Quantum Space Opera with Attitude

"As always, before the warmind and I shoot each other, I try to make small talk." Jean le Flambeur, centuries-old "criminal mastermind" for whom thieving is both instinct and art and who has pulled off myriad legendary heists, has been incarcerated in a Dilemma Prison run by immortal Archons who want to teach him cooperation via an endless game involving pistols. Despite his repartee, Jean has been shot in the head 14,000 times. Thus he is not unwilling when a beautiful, scar-faced woman called Mieli and her sentient spaceship Perhonen break him out of prison. His liberators are not altruists, for Mieli is under the thumb of a "goddess" who wants to use Jean for some unspecified plan. For his part, Jean needs to return to Mars and the scene of his last big scheme to regain his memories (for some reason, he cannot recall most of his past, including why a master thief like him ended up in prison). On Mars Jean and Mieli enter the Oubliette (deriving from the French word for "forget" and meaning "secret dungeon" in English), a gradually moving city whose denizens wear Watches that measure out their remaining time before they must die and be resurrected as "Quiet" laborers, communicate by sharing co-memories from their exomemory storages, and use a privacy screening "gevulot" to determine what of their experiences they remember and what of their experiences that other people who interact with them remember. Living in the Oubliette is Isidore, a genius detective armed with a smartmatter magnifying glass, a keen mind, and an affinity for mysteries.
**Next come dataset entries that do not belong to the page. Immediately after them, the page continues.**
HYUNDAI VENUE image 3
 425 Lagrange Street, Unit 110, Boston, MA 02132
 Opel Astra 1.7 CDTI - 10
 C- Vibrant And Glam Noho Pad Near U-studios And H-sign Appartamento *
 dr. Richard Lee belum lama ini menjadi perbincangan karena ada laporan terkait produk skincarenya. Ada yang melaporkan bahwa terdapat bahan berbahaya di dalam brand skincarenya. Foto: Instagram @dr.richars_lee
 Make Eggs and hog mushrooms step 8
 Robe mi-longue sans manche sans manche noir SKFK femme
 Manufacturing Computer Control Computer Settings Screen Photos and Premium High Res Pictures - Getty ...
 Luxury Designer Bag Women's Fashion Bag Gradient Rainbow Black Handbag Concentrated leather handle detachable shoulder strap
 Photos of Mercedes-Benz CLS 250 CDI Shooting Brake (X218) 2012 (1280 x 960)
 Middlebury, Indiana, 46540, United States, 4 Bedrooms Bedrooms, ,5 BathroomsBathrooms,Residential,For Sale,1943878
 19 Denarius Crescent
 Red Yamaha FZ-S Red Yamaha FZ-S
In The Quantum Thief (2010), first book in Hannu Rajaniemi's trilogy, all the above (and much more) is possible due to the advanced technology of the future post-human, post-computer, post-science world in which everything is sentient and fractal and nano and quantum: spaceships, bullets, data spheres, clothes, memories, bodies, machines, weapons, smartmatter, q-matter, and so on. Gods are uploaded consciousnesses. Death is temporary. Life is virtual. The lines between human/alien, machine/computer, organic/inorganic, reality/unreality, etc. are all blurry. The body is mutable, disposable, renewable. The mind may be removed from ones "body" and put into another or a "machine" or a "bullet." Memory is uploadable, downloadable, transferable, and malleable.

This is quantum space opera with a delirious vengeance, and the SF sublime is everywhere: "They fall through the wound in the flesh of the city. Synthbio solutions rain around them like blood. And then they are outside in the middle of the forest of the city legs, blinking at the bright daylight." And moments of weird beauty: "The memories are pressed flat like a butterfly beneath the centuries, fragile, and fall apart when I touch them." And catchy defamiliarizing chapter first lines: "Raymonde is having her lunch near the playground when we meet again for the first time."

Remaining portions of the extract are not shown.